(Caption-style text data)
▶

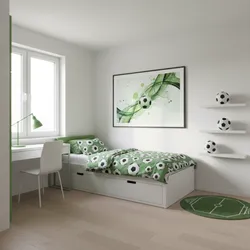 Soccer Room Decor Ideas for Small Bedrooms That Feel Spacious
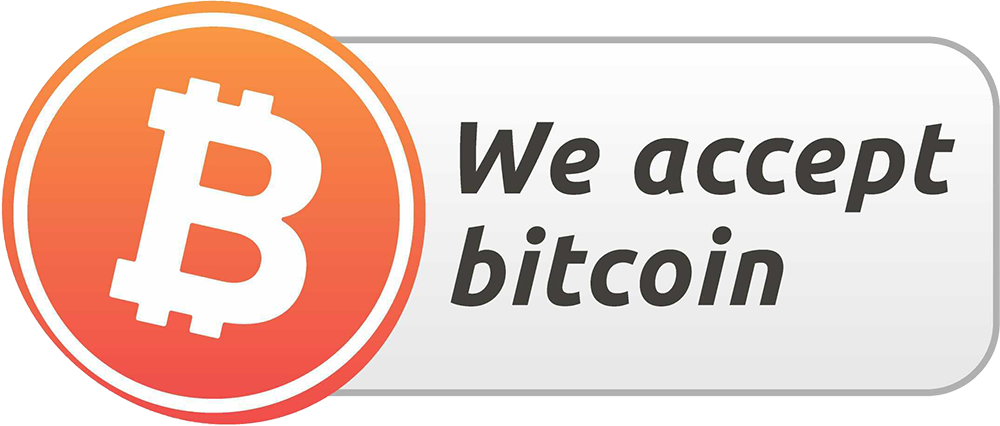 We Accept Bitcoin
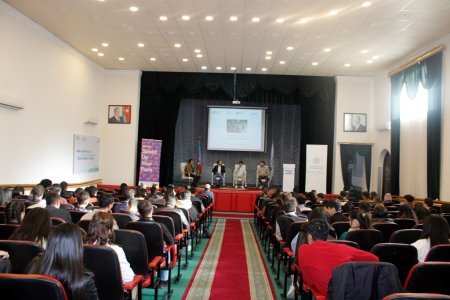 MDU-da “Uğurlu innovativ biznes” mövzusunda panel müzakirə təşkil edilib MDU-da “Uğurlu innovativ biznes” mövzusunda panel müzakirə təşkil edilib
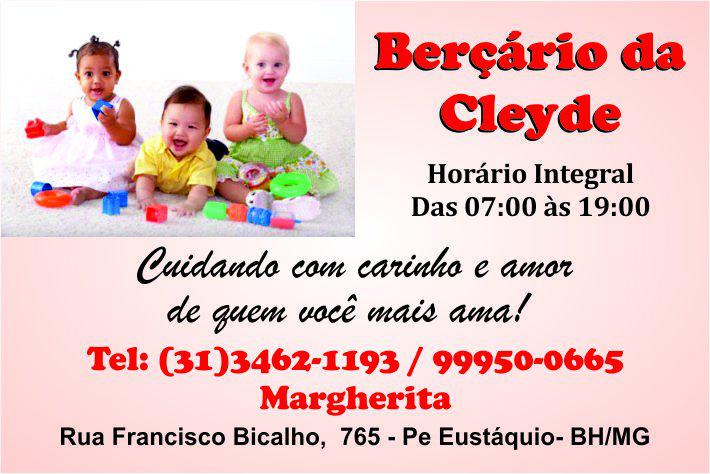 Berçário da Cleyde - Horário Integral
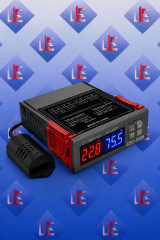 STC-3028 AC110-220V LCD Ekranlı Nem Sıcaklık Kontrol Modülü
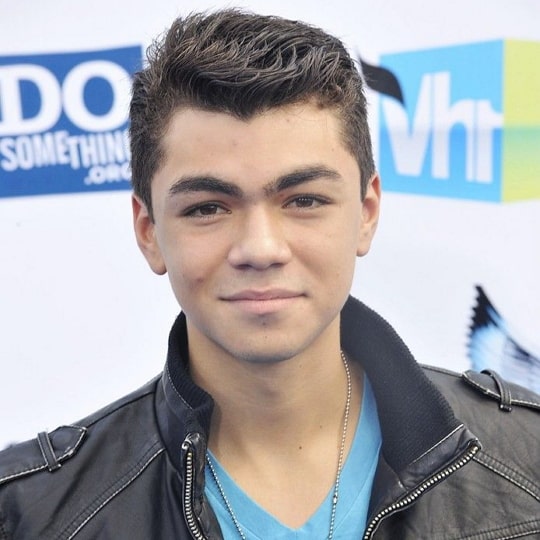 adam irigoyen childhood pic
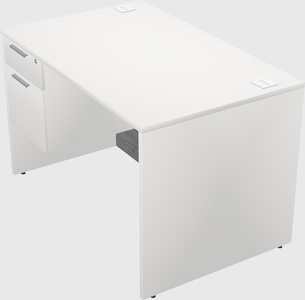 Bureau rectangulaire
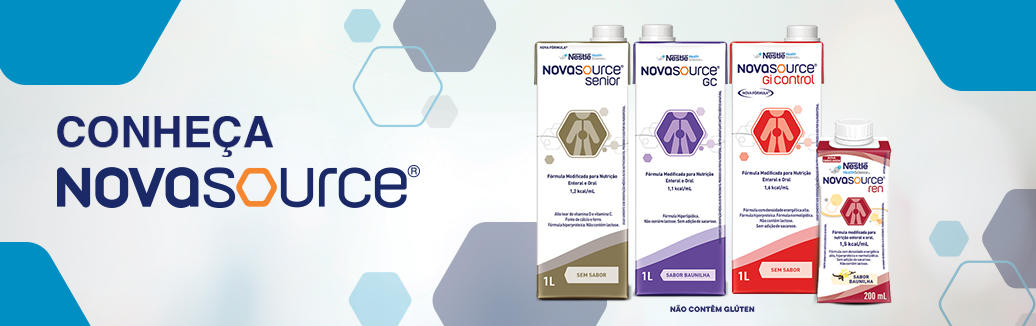 Novasource -Nestlé Nutrição até Você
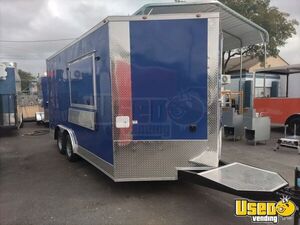 2023 Us Custom Concession Kitchen Food Trailer Florida for Sale
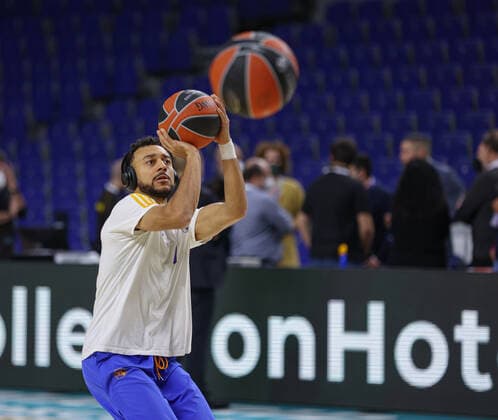 14th December 2021; Wizink Center; Madrid, Spain; Turkish Airlines Euroleague Basketball , Real Madrid versus Alba Berlin; Nigel Williams-Goss (Real Madrid Baloncesto)  ActionPlus12348143 AgenciaLOF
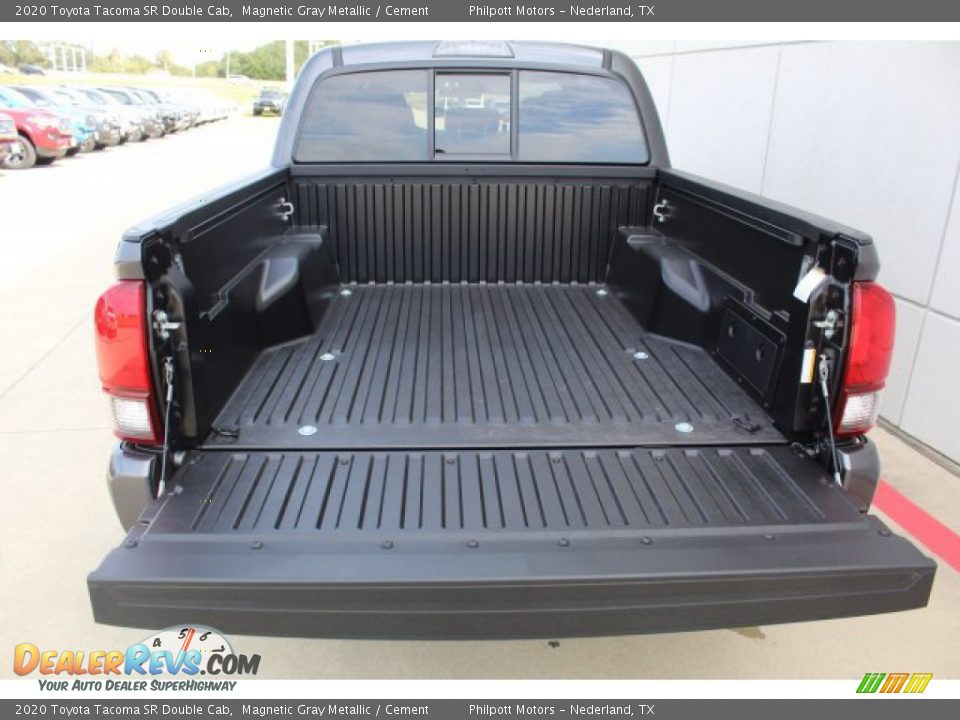 2020 Toyota Tacoma SR Double Cab Magnetic Gray Metallic / Cement Photo #22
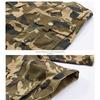 Мужские армейские повседневные рабочие брюки-карго с камуфляжным принтом, военные брюки-чинос, летние брюки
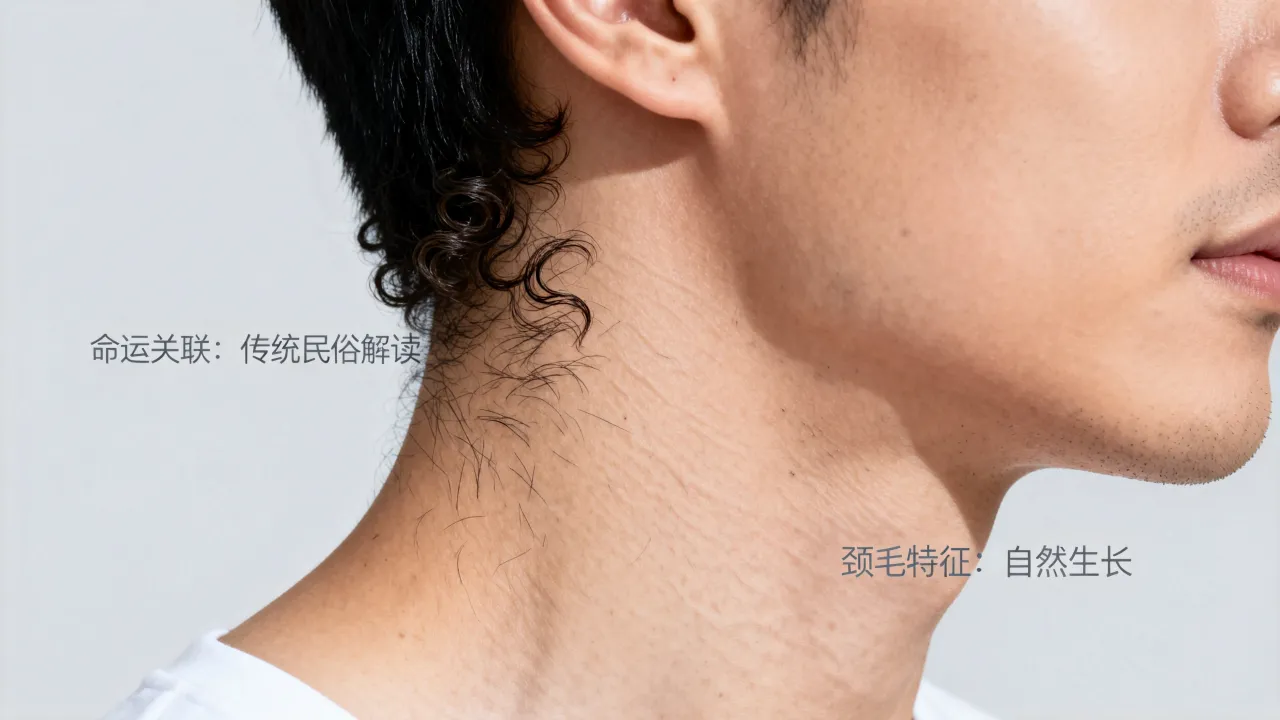脖子上长毛的人命运如何,脖子长毛预示什么? 脖子上长毛的人命运如何,脖子长毛预示什么?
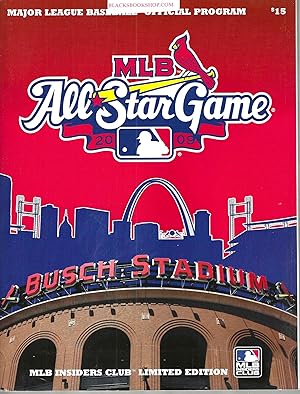 2009 MLB All Star Game Major League Baseball Official Program (MLB Insiders Club Limited Edition)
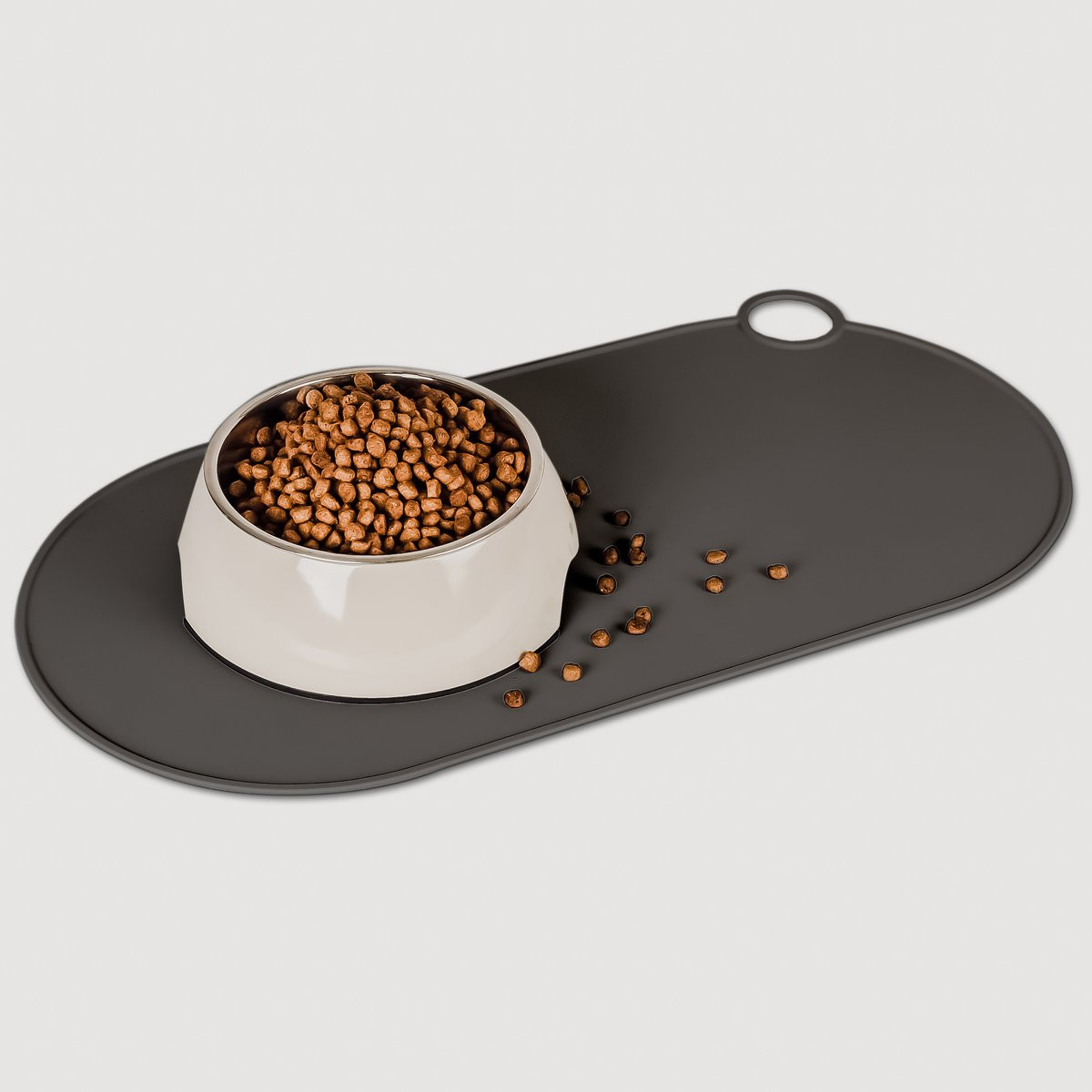 ne&no® Silikon Napfunterlage in Anthrazit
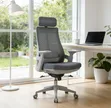 New Executive Office Chair - Full Mesh, Adjustable - 1
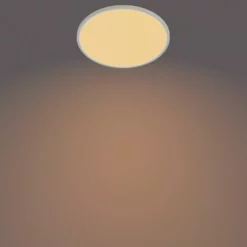 Alternative view of Philips Signify Philips Superslim Funktionel LED Loftlampe I Hvid Metal/plastik - CL550 RD 22W 27K W WV 06 Rustfritstål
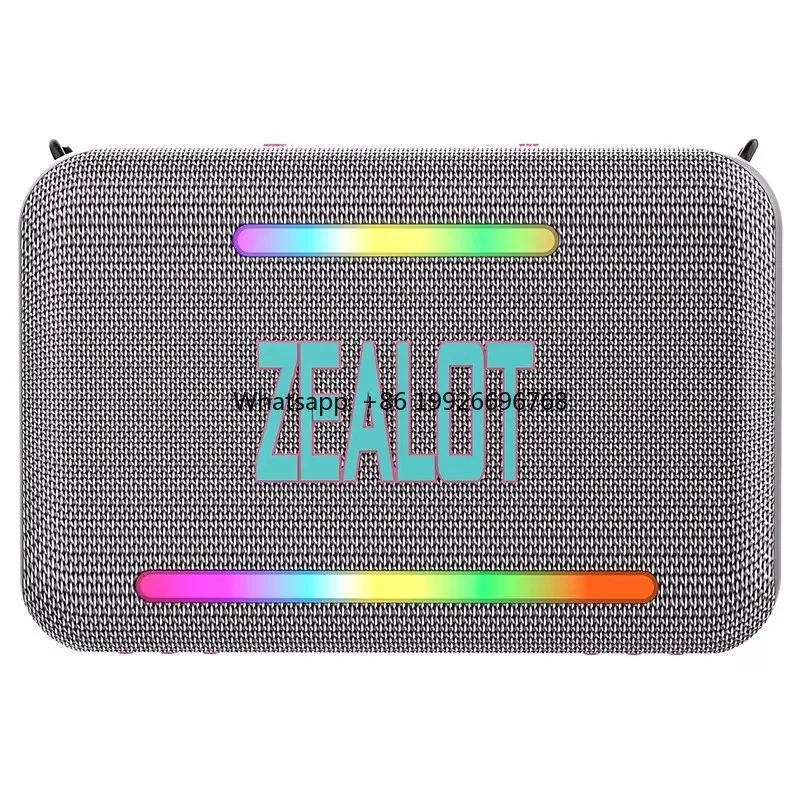 

S95 Zealot Professional Loudspeakers Portable Powerful 120W Stereo Bass Subwoofer Sound Box Waterproof Outdoor Wireless Speakers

◀

Assignment: Set down again, word for word, every line from the one with "2023 Us Custom" to the one with "2009 MLB All" in the entries above, and omit the pictures.

Response to the task:
 2023 Us Custom Concession Kitchen Food Trailer Florida for Sale
 14th December 2021; Wizink Center; Madrid, Spain; Turkish Airlines Euroleague Basketball , Real Madrid versus Alba Berlin; Nigel Williams-Goss (Real Madrid Baloncesto)  ActionPlus12348143 AgenciaLOF
 2020 Toyota Tacoma SR Double Cab Magnetic Gray Metallic / Cement Photo #22
 Мужские армейские повседневные рабочие брюки-карго с камуфляжным принтом, военные брюки-чинос, летние брюки
脖子上长毛的人命运如何,脖子长毛预示什么? 脖子上长毛的人命运如何,脖子长毛预示什么?
 2009 MLB All Star Game Major League Baseball Official Program (MLB Insiders Club Limited Edition)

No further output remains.